Already on the first day (out of just three), I noticed that Amsterdam has a lot in common with Copenhagen. The bike culture in Amsterdam is very similiar to the one in Copenhagen - not infrastructurally superior, but nevertheless quite efficient it seemed. The old city area is placed in a similar manner to that of Copenhagen, but of a rather greater size. Both cities furthermore have old industrial harbours, which are both currently in the process of being rebuilt to new, modern service and commercial venues. And last but not least, both Denmark and Holland have a rather low topology, which in the case of the two cities, seems to create a similar local weather. One of the greatest differences between the two cities on the other hand, is the vast amount of tourists in Amsterdam. The city's population may be slightly smaller than that of Copenhagen, but with Amsterdam being an extremely popular tourist destination, the tourist population is remarkable. The vast tourism in the city has boosted a bustling café and nightlife (especially in the Red Light District illustrated on the picture below), that brings a dynamic to the city, that Copenhagen quite simply can't compete with.
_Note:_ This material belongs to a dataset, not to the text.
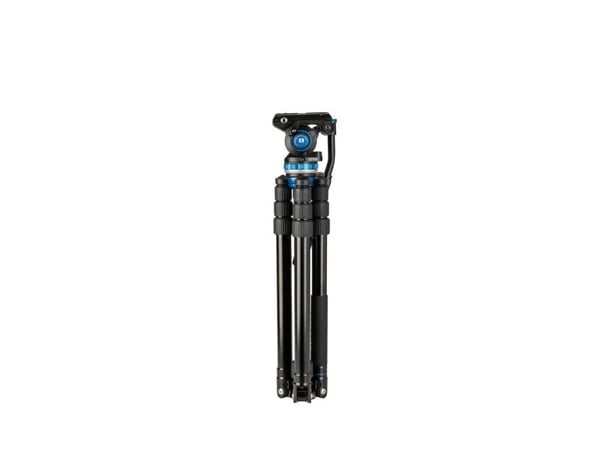 Benro A3883TS6PRO Aero, 3 ben, Sort, 145,9 cm, 4,08 kg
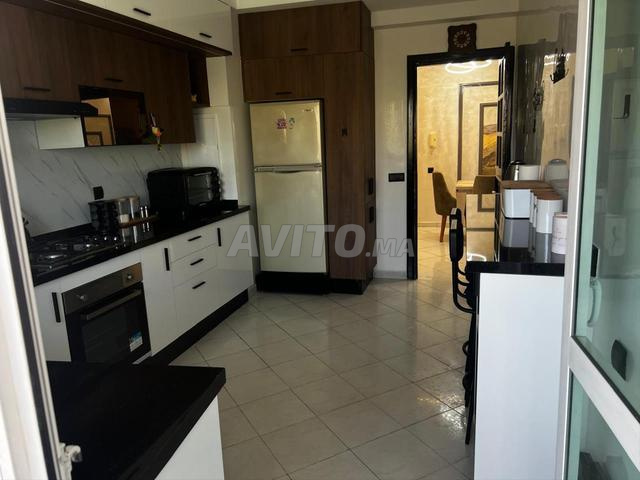 شقة فاخرة للكراء اليومي والشهري وسط المدينة فاس - 2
No matter where you go, and how small the streets you wander, there are people practically everywhere. Tourists taking snapshots of the charming, tilted historic buildings. Local cyclists rushing through the narrow canal streets. Small cafés hidden even the tiniest of passages as illustrated below. Amsterdam is full of life.

The city itself is nothing short of an international example - a statement if you will - as to how much life a city can attract, thanks to pedestrian and cyclist planning. The plentiful canals that characterize the city furthermore create an unrivaled charming atmosphere (except for Venice I can imagine - a city which I long to travel to). In short, Amsterdam is an absolute success when it comes to a living city - no doubt about that! Even the old buildings jump  to life, as their old facades lean towards the streets as shown below:

From an architectural point of view, I think that the city as a general experience is really charming and pleasant. On the other hand, one of the things I can't make up my mind on, is the endless rows of the charming in-fill canal houses. Considering the scale of the city rows, the small, narrow houses really make the long row scale more pleasant, but in the long run, I felt that these houses started getting a bit too repetitive. The endless rows of such houses often ended up looking too monotone to the eye in my oppinion, and unlike most pre-neo-classicistic (I may be making up architectural terms now, but I hope you know what I mean!) historic buildings, which often vary in size, color, shape, etc. even when in rows, the Amsterdam houses seemed just to look a bit too much like one another. There are of course the occasional buildings that stand out, such as the one above, or the tiny house below, but the variations are very limited.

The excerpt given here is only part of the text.